Ancak savaş boyunca ulusal birliği korumak için büyük ölçüde sessiz kalan muhafazakârlar, o zamandan beri savaşın müzakerelere karşı çıkışlarını haklı çıkardığını, daha fazla diplomasinin gelecekteki ABD veya İsrail saldırılarını önleyemeyeceğini öne sürdüler. Muhafazakâr siyasetçi Hamid Rıza Taraghi şöyle dedi:
“Şimdi, her zamankinden daha fazla, ABD ve İsrail’le bu karşılaşma, düşmanlığımızın dinimize dayandığı ve doğru ile yanlışı belirlemesi gerektiği yönündeki söylemimizi güçlendirdi. Reformcular, ABD ile müzakerelere destek veren argümanlarında itibarlarını kaybetti.”
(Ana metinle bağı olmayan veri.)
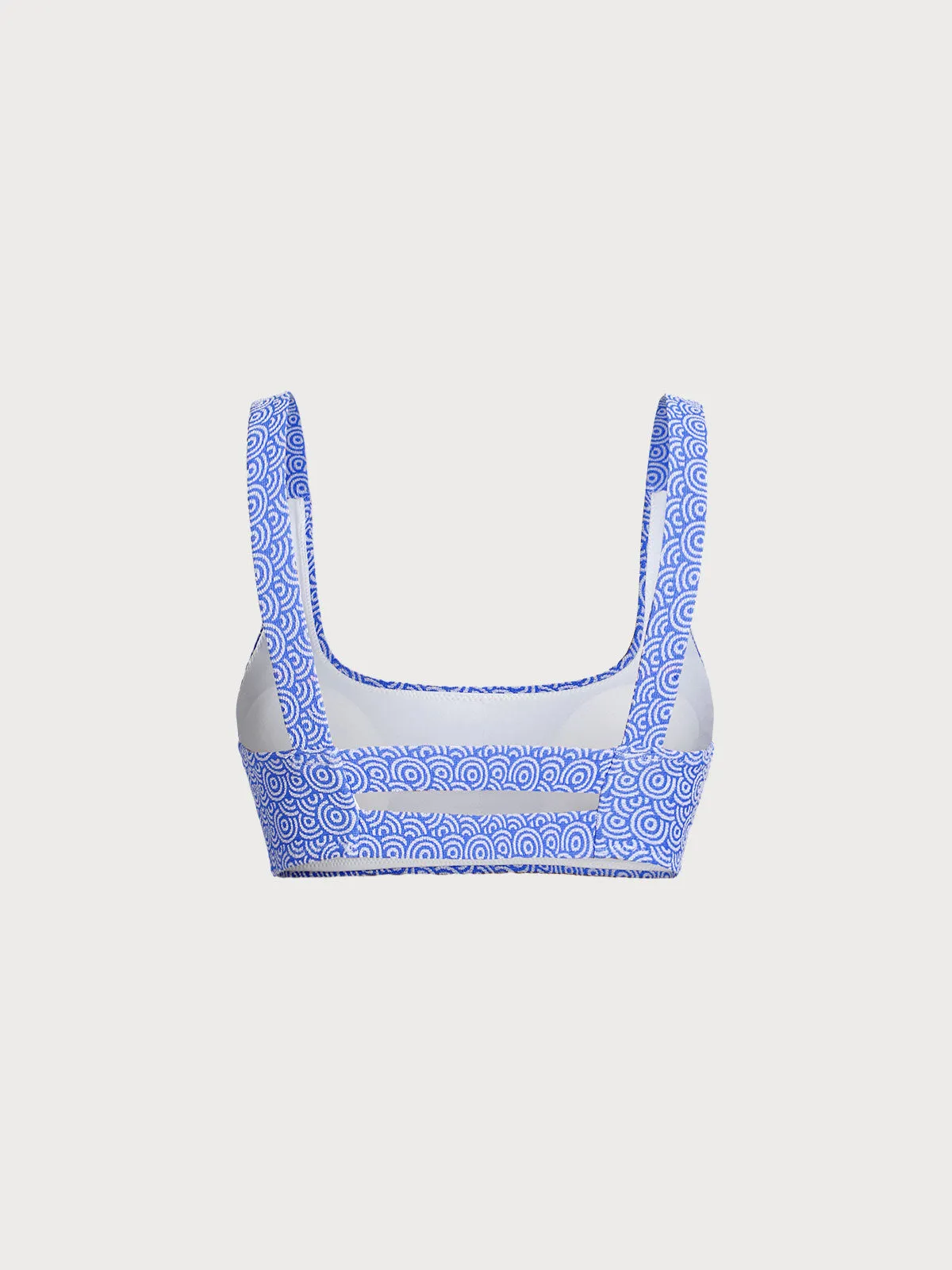 Blue Jacquard Cutout Surf Bra sold by BERLOOK product image thumbnail 2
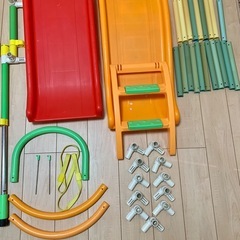 アンパンマン ジャングルジム　ブランコパーク　滑り台　回転止めピン　ジョイント等の画像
Öte yandan reformcular, muhafazakârlarla yaşanan bu çatışmanın yeni bir dış saldırıya yol açabileceğinden endişe ediyor. Devlete bağlı televizyonda bir din adamı, bir fetvayı kullanarak bir bağış kampanyası başlatmış ve ABD Başkanı Donald Trump’ın başına ödül koymuştu.
Reformcu analist Said Leylaz şöyle dedi:
“Muhafazakârlar ileriye dönük hiçbir yaklaşım sunmuyor ve halk desteğinden yoksunlar. Asıl endişeleri ideoloji değil, gelecekteki bir ABD anlaşmasından dışlanmaları.”
İranlı diplomatlar, savaş öncesinde olduğu gibi, Tahran’ın yeni bir anlaşmanın parçası olarak uranyumu ülke içinde zenginleştirme talebinden vazgeçmeyeceğini ısrarla vurguluyor; bu, ABD’nin temel itiraz noktalarından biri. İran, nükleer programının barışçıl olduğunu savunuyor. Ancak savaş sonrası İran stratejisiyle ilgili nihai kararların, son çatışmadan bu yana büyük ölçüde sahneden çekilmiş olan 86 yaşındaki ülkenin dini lideri Ayetullah Ali Hamaney tarafından alınması bekleniyor.
Yine de reformcular sadece dış ilişkileri etkilemeye çalışmadılar, içeride de köklü değişiklikler yapmak istediler. Geçtiğimiz hafta yaklaşık 200 ekonomist ve eski reformcu yetkili, “yönetim modelinde değişiklik” çağrısında bulunan bir bildiri yayımlayarak, Pezeşkiyan yönetimini ABD ve Avrupa ile diplomasiyi sürdürmeye, mali politikaları gözden geçirmeye ve yolsuzlukla mücadele ederek halkın güvenini yeniden kazanmaya çağırdı.
Ayrıca, 2011’den beri ev hapsinde olan eski başbakan Mir Hüseyin Musevi de, anayasal bir meclis kurmak ve siyasi geçiş sürecini başlatmak için ulusal bir referandum yapılması çağrısında bulundu. Ancak, İran’ın en güçlü kurumu olan Devrim Muhafızları başta olmak üzere, ülkenin güç merkezlerinin ona geleceğin şekillendirilmesinde bir rol vermesi beklenmiyor.
Geçtiğimiz hafta, bir diğer önemli siyasi mahkûm olan Mustafa Taczade hakkında verilen yeni ve sürpriz mahkeme kararları, onun 2032’ye kadar hapiste kalmasına neden oldu.
Tahran’da gıda ticareti yapan ve tam adını vermek istemeyen Kerim ise şöyle dedi:
“İnsanlar bu iç iktidar mücadelesinde ne olacağını görmek için bekliyor gibi görünüyor. Ama politikacılar, zamanlarının hızla tükenmekte olduğunu ve çok hızlı karar vermeleri gerektiğini fark etmiyor olabilirler.”